In order to achieve that, you need to, most importantly, lose fat, but also preserve your muscle mass. With sufficient protein and a good workout routine, you can actually gain muscle even when dieting (although at a slower rate than when eating at a surplus, or what bodybuilders often refer to as “bulking”).
For the purpose of losing weight, you should be consuming between 0.68 to 1 g per pound (or 1.5 to 2.5 g per kilogram) of Lean Body Mass (LBM), not total body weight.
Lean body mass (LBM) is your total body weight minus your fat weight. In other words, your LBM is the amount of weight you carry on your body that isn’t fat.
Metro is one of the naysayers who believe, based on what they’ve heard from some keto dieters, that protein can kick you out of ketosis, and if given the opportunity you should snack on fat as opposed to protein.

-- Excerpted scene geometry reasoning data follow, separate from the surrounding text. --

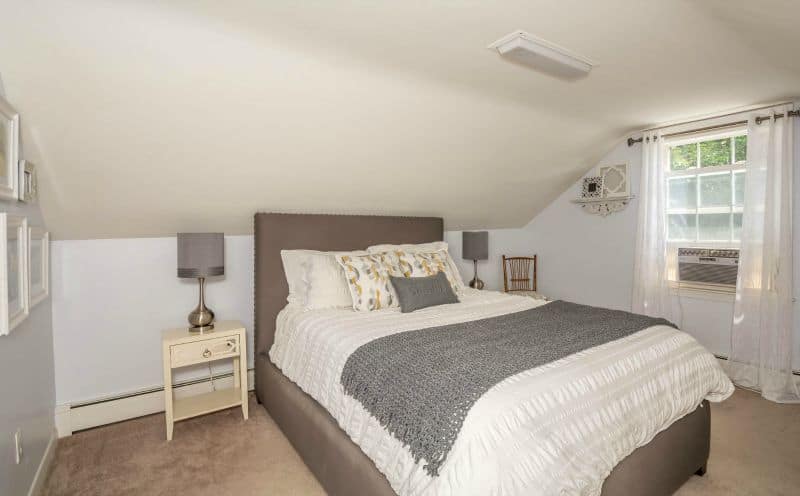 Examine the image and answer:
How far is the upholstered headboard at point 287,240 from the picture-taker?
2883 mm

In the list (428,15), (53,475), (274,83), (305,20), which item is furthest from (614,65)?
(53,475)

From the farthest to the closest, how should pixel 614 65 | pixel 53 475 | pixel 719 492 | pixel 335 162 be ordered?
pixel 335 162, pixel 614 65, pixel 53 475, pixel 719 492

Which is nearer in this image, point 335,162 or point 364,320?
point 364,320

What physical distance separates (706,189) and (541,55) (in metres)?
2.54

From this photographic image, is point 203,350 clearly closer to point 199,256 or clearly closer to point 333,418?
point 199,256

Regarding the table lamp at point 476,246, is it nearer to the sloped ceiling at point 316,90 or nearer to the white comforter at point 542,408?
the sloped ceiling at point 316,90

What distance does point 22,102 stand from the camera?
1743 millimetres

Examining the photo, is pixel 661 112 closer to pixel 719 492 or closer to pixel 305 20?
pixel 719 492

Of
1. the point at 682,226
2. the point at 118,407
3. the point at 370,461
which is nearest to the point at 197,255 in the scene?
the point at 118,407

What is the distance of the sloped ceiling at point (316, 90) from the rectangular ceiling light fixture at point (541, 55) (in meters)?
0.05

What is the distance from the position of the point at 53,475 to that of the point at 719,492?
10.9ft

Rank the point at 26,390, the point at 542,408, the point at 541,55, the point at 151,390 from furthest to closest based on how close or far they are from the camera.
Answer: the point at 151,390, the point at 541,55, the point at 26,390, the point at 542,408

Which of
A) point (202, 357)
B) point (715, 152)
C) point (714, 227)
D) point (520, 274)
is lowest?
point (202, 357)

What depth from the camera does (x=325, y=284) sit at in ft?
8.97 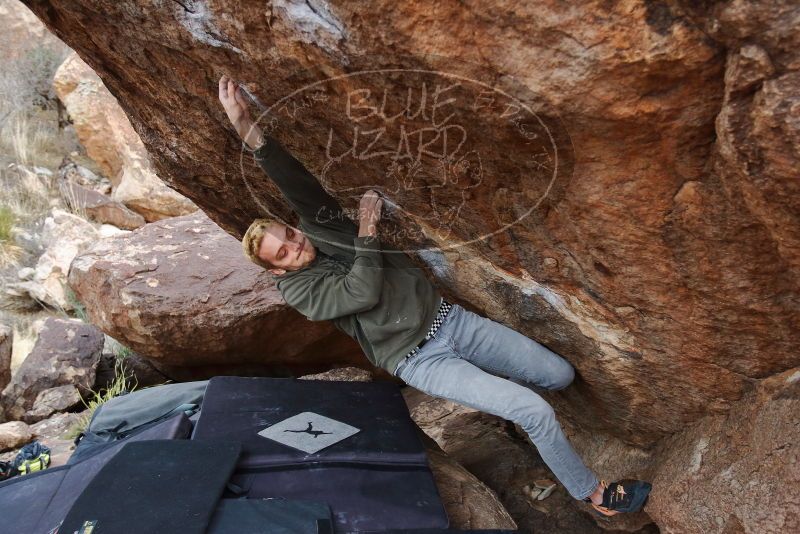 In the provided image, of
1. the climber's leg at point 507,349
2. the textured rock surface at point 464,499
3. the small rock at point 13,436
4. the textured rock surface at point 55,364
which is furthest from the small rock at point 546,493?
the textured rock surface at point 55,364

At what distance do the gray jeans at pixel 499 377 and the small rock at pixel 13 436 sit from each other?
2.90m

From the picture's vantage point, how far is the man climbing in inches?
94.2

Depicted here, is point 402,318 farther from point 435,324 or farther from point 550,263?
point 550,263

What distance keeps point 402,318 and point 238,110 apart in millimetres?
1023

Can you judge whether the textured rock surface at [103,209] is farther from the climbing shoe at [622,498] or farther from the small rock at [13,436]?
the climbing shoe at [622,498]

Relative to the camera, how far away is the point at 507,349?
270cm

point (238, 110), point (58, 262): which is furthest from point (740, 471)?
point (58, 262)

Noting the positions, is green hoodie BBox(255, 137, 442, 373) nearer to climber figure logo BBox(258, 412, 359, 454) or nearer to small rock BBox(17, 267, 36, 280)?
climber figure logo BBox(258, 412, 359, 454)

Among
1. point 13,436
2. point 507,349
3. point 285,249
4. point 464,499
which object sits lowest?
point 13,436

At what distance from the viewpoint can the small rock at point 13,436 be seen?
402cm

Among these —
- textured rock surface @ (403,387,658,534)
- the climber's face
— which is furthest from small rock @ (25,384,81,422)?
the climber's face

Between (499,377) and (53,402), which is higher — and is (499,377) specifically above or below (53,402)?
Answer: above

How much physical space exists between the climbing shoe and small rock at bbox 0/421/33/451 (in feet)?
11.7

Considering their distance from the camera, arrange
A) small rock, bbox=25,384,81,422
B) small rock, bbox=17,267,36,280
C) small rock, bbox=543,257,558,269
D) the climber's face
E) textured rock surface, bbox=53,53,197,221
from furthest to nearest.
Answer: textured rock surface, bbox=53,53,197,221 → small rock, bbox=17,267,36,280 → small rock, bbox=25,384,81,422 → the climber's face → small rock, bbox=543,257,558,269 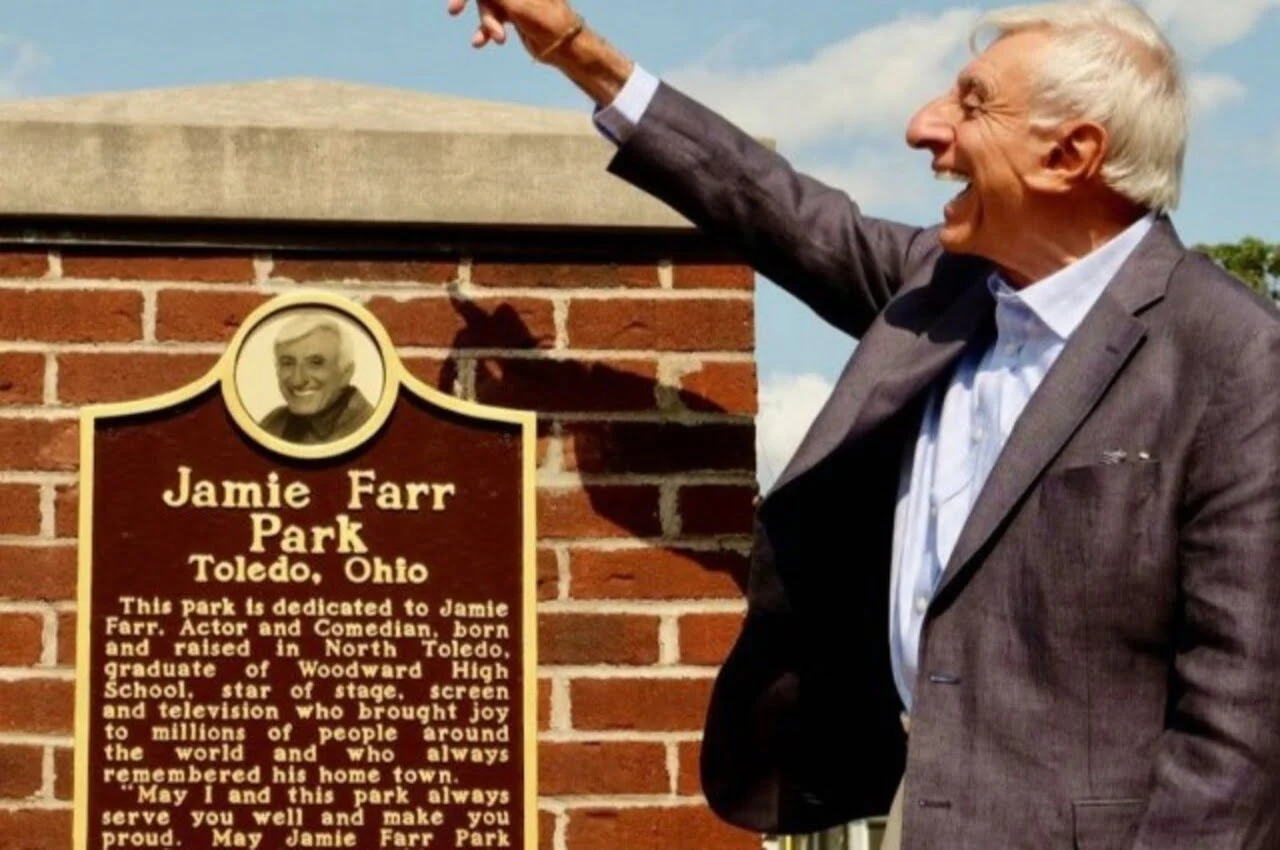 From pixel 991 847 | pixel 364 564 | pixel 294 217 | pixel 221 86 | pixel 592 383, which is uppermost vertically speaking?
pixel 221 86

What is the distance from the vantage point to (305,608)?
14.2 ft

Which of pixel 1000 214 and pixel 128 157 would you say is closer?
pixel 1000 214

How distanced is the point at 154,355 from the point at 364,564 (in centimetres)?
55

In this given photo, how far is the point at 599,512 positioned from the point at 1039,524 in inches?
54.0

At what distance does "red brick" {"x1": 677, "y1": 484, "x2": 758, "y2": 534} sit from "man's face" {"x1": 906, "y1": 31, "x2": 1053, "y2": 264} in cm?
113

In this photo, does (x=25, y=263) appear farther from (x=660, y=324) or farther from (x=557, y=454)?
(x=660, y=324)

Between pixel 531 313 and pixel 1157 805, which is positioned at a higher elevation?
pixel 531 313

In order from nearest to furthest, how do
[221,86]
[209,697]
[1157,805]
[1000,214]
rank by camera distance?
1. [1157,805]
2. [1000,214]
3. [209,697]
4. [221,86]

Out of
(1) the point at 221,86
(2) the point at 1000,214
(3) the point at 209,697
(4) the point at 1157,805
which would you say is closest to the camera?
(4) the point at 1157,805

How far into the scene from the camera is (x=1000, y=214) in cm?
342

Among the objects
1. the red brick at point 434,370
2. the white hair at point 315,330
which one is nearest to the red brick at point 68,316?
the white hair at point 315,330

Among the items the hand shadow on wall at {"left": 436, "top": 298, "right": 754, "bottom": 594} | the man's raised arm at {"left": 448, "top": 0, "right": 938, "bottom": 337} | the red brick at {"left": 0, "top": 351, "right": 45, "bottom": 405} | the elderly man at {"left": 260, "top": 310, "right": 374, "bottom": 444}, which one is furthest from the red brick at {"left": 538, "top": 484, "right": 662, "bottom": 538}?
the red brick at {"left": 0, "top": 351, "right": 45, "bottom": 405}

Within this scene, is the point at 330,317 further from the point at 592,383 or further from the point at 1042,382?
the point at 1042,382

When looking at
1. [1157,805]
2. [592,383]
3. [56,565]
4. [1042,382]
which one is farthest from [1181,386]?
[56,565] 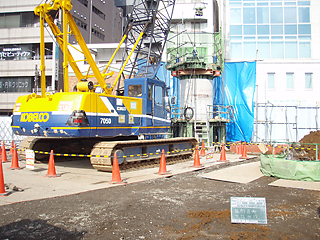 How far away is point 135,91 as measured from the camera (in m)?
12.6

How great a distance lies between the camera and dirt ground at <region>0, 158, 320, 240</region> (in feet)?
16.4

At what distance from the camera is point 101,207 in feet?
21.5

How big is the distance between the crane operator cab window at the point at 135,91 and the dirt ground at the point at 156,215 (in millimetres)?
4988

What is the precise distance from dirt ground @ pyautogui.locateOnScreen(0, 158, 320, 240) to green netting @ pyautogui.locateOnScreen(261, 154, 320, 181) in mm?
1454

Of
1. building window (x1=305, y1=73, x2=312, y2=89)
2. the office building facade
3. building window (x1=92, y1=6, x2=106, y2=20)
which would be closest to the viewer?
building window (x1=305, y1=73, x2=312, y2=89)

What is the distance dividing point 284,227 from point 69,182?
6.41 meters

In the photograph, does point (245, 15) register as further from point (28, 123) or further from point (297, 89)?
point (28, 123)

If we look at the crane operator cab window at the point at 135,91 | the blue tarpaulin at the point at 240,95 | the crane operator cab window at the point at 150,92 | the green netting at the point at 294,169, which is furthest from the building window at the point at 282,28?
the green netting at the point at 294,169

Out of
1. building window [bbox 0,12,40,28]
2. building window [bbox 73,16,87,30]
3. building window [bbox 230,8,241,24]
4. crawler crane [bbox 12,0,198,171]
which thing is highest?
building window [bbox 73,16,87,30]

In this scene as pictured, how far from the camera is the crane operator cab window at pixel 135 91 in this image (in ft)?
41.0

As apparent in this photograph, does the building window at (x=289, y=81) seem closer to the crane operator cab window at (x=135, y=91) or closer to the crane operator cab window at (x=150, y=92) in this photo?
the crane operator cab window at (x=150, y=92)

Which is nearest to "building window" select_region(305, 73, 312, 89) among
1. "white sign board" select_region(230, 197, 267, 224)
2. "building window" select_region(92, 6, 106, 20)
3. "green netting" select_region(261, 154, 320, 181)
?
"green netting" select_region(261, 154, 320, 181)

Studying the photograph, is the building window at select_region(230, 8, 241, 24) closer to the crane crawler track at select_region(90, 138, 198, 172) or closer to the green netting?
the crane crawler track at select_region(90, 138, 198, 172)

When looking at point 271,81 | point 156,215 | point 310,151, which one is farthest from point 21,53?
point 156,215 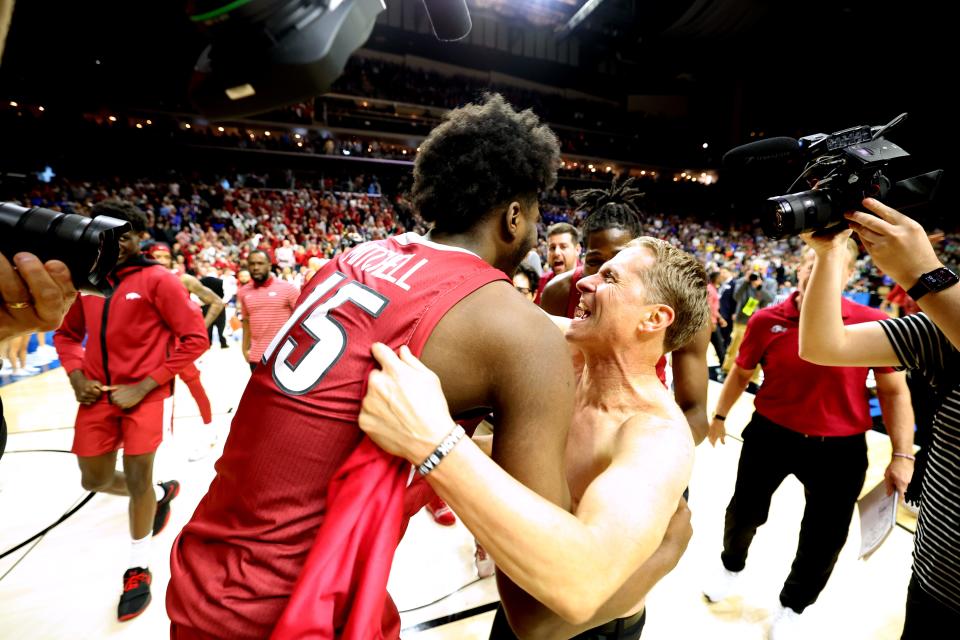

If you’re sticking to the plan and working out regularly, you still might not be reaping the benefits keto is supposed to offer (lower blood sugar levels, weight loss, more energy). Well, it could down to how much protein you’re consuming. People don’t achieve nutritional ketosis because they’re eating too much protein. And that’s because protein has a moderate insulin-stimulating effect which can interfere with ketone production in the liver if eaten in excess. Keto diets are moderate, not high, in protein. According to Virta Health, ‘most healthy individuals require between 1.5 and 1.75 grams of protein per kg of “reference body weight” to maintain lean body mass and function during a ketogenic diet. Intakes above 2.0 g/kg reference weight show no additional benefit’. But the common mistake many keto-followers make is eating well above that amount – choosing to snack on protein rather than fat.
So what do you think? Is consuming too much protein a bad idea or will it stall your weight loss? Perhaps if you’re worried about your body composition having extra protein shouldn’t hurt, but if you want all of the benefits of being in ketosis, it might be a good idea to monitor your ketone levels. From the sound of things every person is different, so it’s best to remember that when reading another source that says that overeating protein will work against you!